* Work to be completed *
Where in the records does the word "definitely" appear? Copy each line that holds it.
++++++++++++++++++++
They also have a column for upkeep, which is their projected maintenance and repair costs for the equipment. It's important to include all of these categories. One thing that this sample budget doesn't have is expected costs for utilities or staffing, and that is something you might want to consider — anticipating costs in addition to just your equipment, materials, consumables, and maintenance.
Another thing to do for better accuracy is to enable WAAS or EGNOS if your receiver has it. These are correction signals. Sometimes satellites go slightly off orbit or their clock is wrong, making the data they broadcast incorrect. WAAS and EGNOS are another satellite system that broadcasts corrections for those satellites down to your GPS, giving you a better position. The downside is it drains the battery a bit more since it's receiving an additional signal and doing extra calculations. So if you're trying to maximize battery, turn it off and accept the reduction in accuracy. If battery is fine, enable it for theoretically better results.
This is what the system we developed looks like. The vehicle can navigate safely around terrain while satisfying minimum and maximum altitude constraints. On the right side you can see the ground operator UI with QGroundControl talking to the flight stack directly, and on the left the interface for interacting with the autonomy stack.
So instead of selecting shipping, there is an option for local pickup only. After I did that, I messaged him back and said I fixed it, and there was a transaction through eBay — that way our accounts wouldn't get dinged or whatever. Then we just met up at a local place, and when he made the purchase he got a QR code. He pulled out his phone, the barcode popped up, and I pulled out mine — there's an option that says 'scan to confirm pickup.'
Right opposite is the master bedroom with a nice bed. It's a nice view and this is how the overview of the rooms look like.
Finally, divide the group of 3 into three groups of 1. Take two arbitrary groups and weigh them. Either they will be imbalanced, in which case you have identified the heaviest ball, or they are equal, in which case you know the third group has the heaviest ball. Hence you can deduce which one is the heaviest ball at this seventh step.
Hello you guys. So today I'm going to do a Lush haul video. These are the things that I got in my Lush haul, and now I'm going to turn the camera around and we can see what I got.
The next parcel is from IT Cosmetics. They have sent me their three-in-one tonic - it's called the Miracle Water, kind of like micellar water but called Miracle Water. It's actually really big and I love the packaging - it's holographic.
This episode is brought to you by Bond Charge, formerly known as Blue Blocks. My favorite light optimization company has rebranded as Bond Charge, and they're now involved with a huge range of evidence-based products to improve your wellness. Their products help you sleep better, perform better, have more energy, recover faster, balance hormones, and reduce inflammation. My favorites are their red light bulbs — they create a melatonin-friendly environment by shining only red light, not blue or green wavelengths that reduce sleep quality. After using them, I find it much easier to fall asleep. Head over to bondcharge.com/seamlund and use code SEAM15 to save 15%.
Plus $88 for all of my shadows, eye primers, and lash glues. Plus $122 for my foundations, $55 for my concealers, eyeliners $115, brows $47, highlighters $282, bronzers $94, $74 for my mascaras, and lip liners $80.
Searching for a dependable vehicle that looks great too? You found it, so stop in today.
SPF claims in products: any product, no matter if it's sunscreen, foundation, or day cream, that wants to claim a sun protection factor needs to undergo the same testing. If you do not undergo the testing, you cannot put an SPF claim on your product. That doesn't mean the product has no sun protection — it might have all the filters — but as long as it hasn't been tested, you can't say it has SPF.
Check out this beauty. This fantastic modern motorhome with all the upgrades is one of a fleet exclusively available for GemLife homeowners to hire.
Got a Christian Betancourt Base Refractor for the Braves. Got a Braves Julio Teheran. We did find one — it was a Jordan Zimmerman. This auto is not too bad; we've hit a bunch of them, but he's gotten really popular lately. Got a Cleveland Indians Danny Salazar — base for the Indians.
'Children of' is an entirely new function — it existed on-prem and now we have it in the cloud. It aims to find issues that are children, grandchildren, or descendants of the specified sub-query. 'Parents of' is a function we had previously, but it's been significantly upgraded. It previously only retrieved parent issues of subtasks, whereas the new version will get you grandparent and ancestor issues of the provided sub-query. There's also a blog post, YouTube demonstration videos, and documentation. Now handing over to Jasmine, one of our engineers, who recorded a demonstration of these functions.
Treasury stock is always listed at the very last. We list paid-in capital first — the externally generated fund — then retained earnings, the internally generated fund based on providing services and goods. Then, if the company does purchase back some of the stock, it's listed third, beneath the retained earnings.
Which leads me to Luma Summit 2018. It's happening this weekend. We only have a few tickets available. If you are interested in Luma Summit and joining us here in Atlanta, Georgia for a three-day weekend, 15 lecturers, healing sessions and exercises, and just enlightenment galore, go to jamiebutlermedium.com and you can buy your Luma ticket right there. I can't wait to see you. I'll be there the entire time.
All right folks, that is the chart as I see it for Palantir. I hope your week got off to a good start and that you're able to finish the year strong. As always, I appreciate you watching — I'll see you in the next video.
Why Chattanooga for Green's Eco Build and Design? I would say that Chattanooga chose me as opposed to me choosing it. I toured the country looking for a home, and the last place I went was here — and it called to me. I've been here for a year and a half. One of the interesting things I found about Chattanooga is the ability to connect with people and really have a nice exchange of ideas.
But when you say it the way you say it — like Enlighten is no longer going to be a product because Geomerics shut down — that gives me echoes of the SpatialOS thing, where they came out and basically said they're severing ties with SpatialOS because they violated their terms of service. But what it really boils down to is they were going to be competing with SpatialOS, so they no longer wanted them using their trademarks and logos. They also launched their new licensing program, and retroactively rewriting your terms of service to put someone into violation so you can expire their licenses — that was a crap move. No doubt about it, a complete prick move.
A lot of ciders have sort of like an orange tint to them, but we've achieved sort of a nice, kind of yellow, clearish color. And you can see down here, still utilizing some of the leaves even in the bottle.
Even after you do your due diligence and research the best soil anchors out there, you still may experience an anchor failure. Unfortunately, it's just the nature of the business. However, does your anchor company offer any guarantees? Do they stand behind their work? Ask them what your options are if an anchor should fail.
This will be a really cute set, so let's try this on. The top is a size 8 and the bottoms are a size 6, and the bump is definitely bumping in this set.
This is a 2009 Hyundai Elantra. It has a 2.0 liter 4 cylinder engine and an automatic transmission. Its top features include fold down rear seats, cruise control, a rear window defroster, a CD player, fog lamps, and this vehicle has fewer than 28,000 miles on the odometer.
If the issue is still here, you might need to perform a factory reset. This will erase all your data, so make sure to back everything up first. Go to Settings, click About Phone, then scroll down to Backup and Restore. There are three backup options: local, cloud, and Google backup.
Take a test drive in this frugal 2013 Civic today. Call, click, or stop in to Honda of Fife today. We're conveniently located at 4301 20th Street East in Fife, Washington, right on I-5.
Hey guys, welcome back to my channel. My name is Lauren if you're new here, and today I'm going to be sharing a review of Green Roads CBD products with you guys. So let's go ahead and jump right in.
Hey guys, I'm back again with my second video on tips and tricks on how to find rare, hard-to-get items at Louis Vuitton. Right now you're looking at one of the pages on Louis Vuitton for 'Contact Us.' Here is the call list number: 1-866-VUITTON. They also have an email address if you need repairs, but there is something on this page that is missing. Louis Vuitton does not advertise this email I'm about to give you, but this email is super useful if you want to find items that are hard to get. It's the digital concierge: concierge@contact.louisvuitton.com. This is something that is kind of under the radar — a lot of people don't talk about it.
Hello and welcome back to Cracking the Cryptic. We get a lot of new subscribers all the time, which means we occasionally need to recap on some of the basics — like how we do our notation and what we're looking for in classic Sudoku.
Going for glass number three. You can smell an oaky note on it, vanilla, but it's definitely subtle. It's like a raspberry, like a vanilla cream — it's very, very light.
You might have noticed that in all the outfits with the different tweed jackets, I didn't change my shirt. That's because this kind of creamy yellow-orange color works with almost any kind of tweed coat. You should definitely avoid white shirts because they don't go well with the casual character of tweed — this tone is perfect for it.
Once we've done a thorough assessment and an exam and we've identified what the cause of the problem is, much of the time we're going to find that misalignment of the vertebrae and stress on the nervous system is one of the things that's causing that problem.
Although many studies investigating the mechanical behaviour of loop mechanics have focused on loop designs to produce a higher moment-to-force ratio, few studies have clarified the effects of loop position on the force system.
++++++++++++++++++++
* Exercise answer *
This will be a really cute set, so let's try this on. The top is a size 8 and the bottoms are a size 6, and the bump is definitely bumping in this set.
Going for glass number three. You can smell an oaky note on it, vanilla, but it's definitely subtle. It's like a raspberry, like a vanilla cream — it's very, very light.
You might have noticed that in all the outfits with the different tweed jackets, I didn't change my shirt. That's because this kind of creamy yellow-orange color works with almost any kind of tweed coat. You should definitely avoid white shirts because they don't go well with the casual character of tweed — this tone is perfect for it.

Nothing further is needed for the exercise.